Action item » Only the count is needed. Count the lines below with the word "online" in them.

┌─ Available data

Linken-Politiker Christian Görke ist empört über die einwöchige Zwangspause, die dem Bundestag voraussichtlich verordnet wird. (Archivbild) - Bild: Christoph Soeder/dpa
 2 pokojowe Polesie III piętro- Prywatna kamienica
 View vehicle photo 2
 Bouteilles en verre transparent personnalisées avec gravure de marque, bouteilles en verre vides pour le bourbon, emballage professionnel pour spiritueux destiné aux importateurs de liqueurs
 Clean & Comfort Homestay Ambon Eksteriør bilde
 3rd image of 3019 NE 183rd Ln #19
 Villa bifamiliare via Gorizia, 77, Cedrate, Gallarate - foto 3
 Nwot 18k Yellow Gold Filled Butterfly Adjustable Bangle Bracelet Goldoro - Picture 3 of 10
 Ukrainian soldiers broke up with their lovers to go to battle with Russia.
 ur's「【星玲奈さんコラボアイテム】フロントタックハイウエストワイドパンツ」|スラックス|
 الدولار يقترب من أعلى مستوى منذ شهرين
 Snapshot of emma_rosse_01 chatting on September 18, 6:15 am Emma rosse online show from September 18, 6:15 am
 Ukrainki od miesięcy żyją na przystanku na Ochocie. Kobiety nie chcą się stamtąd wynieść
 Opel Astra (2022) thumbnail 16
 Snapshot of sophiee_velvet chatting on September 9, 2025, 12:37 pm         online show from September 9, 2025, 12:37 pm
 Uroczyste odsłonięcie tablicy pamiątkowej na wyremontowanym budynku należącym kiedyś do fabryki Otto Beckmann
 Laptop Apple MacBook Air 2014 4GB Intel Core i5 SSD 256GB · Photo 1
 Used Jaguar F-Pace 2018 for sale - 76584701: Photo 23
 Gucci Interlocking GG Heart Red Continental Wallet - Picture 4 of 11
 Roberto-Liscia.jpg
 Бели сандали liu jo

└─

Answer to this exercise » 2